─── Study material

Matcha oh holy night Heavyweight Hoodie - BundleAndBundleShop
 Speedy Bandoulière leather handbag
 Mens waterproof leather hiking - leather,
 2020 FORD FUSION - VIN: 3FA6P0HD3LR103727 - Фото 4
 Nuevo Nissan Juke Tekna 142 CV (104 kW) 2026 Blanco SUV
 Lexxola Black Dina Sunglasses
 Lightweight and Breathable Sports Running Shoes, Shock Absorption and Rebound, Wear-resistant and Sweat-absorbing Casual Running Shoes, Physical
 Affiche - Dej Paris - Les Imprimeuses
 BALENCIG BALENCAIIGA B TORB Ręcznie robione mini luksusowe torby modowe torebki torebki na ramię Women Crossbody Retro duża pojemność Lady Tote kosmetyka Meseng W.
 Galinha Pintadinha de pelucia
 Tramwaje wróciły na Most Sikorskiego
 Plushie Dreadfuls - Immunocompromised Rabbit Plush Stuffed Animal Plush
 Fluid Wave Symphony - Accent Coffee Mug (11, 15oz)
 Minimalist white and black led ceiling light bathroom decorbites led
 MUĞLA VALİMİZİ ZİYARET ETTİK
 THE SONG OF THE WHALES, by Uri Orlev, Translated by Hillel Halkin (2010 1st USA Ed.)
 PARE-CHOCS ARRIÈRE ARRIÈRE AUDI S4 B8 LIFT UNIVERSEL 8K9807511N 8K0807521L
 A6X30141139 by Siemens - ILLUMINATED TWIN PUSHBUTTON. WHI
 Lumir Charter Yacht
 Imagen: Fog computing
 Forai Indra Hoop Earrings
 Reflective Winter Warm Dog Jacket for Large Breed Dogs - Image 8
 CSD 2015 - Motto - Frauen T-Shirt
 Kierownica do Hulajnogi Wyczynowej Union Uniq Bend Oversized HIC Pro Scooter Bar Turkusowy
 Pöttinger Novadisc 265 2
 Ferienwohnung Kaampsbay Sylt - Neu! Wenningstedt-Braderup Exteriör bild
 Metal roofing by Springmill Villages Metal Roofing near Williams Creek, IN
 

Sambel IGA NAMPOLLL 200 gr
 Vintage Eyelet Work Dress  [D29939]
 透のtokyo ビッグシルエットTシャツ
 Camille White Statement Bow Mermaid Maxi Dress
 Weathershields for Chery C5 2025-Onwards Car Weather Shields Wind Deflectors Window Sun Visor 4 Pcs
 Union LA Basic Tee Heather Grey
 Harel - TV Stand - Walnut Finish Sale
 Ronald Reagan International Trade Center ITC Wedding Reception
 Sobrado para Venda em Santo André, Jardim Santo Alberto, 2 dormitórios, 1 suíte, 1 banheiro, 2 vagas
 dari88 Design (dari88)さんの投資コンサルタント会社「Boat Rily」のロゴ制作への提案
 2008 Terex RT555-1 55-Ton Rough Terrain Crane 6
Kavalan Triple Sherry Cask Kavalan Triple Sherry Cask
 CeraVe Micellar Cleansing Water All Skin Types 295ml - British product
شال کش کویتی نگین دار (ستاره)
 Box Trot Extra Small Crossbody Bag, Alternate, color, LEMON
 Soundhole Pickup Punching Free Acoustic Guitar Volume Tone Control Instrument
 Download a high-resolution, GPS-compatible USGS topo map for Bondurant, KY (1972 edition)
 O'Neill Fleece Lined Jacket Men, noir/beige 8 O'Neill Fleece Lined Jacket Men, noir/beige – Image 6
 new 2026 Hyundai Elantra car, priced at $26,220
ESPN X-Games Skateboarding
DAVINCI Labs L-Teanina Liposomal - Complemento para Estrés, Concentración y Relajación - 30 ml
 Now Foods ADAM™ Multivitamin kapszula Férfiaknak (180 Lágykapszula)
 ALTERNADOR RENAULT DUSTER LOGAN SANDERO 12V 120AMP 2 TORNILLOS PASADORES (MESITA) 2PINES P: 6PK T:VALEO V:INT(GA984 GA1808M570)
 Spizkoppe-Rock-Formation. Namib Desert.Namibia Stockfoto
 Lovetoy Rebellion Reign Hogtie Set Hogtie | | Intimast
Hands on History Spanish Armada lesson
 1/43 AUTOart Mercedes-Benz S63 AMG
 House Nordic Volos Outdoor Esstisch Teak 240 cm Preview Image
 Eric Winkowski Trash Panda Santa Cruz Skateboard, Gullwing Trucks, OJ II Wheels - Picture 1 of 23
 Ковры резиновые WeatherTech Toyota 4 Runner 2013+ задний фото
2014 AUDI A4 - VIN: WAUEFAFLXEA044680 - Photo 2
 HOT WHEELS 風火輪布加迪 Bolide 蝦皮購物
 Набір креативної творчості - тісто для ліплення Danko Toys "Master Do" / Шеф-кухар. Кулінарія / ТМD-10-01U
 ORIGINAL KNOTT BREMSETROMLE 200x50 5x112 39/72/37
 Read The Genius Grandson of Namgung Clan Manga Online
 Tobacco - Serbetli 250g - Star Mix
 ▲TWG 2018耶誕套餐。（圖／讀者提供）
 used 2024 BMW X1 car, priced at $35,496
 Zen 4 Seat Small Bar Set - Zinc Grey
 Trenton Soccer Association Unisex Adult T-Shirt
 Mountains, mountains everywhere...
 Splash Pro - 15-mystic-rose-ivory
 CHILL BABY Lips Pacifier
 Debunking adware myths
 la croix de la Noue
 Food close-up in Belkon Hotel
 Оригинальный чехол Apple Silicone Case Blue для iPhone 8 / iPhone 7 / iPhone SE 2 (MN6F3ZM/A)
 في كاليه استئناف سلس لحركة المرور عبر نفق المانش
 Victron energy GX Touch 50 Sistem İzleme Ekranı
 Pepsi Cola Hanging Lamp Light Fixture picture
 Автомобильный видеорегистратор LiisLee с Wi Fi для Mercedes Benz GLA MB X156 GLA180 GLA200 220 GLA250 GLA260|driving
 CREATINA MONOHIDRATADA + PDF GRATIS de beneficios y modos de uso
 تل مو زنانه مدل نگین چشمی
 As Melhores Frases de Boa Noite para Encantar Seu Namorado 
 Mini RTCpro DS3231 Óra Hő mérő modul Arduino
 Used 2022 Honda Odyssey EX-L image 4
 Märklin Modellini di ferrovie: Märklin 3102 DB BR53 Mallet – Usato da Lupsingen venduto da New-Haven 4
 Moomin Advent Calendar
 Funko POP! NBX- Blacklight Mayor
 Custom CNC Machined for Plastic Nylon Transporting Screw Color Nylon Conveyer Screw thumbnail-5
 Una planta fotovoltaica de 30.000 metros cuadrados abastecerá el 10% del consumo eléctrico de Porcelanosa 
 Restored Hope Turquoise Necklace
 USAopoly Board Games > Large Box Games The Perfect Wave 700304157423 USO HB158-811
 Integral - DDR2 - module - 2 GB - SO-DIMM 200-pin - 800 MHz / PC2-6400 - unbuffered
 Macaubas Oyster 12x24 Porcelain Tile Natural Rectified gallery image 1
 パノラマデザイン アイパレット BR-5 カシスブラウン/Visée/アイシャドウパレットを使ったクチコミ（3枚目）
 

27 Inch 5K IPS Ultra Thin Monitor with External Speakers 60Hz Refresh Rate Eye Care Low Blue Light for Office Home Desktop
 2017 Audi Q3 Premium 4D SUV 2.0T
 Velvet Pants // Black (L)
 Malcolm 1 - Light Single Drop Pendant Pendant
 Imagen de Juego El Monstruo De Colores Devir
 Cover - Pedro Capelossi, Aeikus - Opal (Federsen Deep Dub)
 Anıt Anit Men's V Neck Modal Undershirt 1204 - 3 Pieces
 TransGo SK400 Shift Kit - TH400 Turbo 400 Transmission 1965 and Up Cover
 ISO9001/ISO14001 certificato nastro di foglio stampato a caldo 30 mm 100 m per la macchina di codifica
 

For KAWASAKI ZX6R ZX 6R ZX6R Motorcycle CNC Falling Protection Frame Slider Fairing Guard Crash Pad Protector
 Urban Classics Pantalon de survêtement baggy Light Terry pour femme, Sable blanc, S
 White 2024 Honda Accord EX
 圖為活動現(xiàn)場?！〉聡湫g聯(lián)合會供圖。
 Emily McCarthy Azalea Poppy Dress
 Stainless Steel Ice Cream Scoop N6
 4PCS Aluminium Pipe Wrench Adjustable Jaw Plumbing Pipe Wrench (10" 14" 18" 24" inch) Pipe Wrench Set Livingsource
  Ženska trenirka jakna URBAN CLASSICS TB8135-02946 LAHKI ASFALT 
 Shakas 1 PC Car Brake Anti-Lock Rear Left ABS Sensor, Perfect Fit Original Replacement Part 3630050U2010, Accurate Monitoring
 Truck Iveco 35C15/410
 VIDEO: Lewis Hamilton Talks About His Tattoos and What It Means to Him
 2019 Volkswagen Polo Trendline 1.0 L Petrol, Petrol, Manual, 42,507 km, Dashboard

──────

Please, from the entries above, set down exactly the lines from the one containing "la croix de la Noue" through the one containing "Integral - DDR2", and only those.

 la croix de la Noue
 Food close-up in Belkon Hotel
 Оригинальный чехол Apple Silicone Case Blue для iPhone 8 / iPhone 7 / iPhone SE 2 (MN6F3ZM/A)
 في كاليه استئناف سلس لحركة المرور عبر نفق المانش
 Victron energy GX Touch 50 Sistem İzleme Ekranı
 Pepsi Cola Hanging Lamp Light Fixture picture
 Автомобильный видеорегистратор LiisLee с Wi Fi для Mercedes Benz GLA MB X156 GLA180 GLA200 220 GLA250 GLA260|driving
 CREATINA MONOHIDRATADA + PDF GRATIS de beneficios y modos de uso
 تل مو زنانه مدل نگین چشمی
 As Melhores Frases de Boa Noite para Encantar Seu Namorado 
 Mini RTCpro DS3231 Óra Hő mérő modul Arduino
 Used 2022 Honda Odyssey EX-L image 4
 Märklin Modellini di ferrovie: Märklin 3102 DB BR53 Mallet – Usato da Lupsingen venduto da New-Haven 4
 Moomin Advent Calendar
 Funko POP! NBX- Blacklight Mayor
 Custom CNC Machined for Plastic Nylon Transporting Screw Color Nylon Conveyer Screw thumbnail-5
 Una planta fotovoltaica de 30.000 metros cuadrados abastecerá el 10% del consumo eléctrico de Porcelanosa 
 Restored Hope Turquoise Necklace
 USAopoly Board Games > Large Box Games The Perfect Wave 700304157423 USO HB158-811
 Integral - DDR2 - module - 2 GB - SO-DIMM 200-pin - 800 MHz / PC2-6400 - unbuffered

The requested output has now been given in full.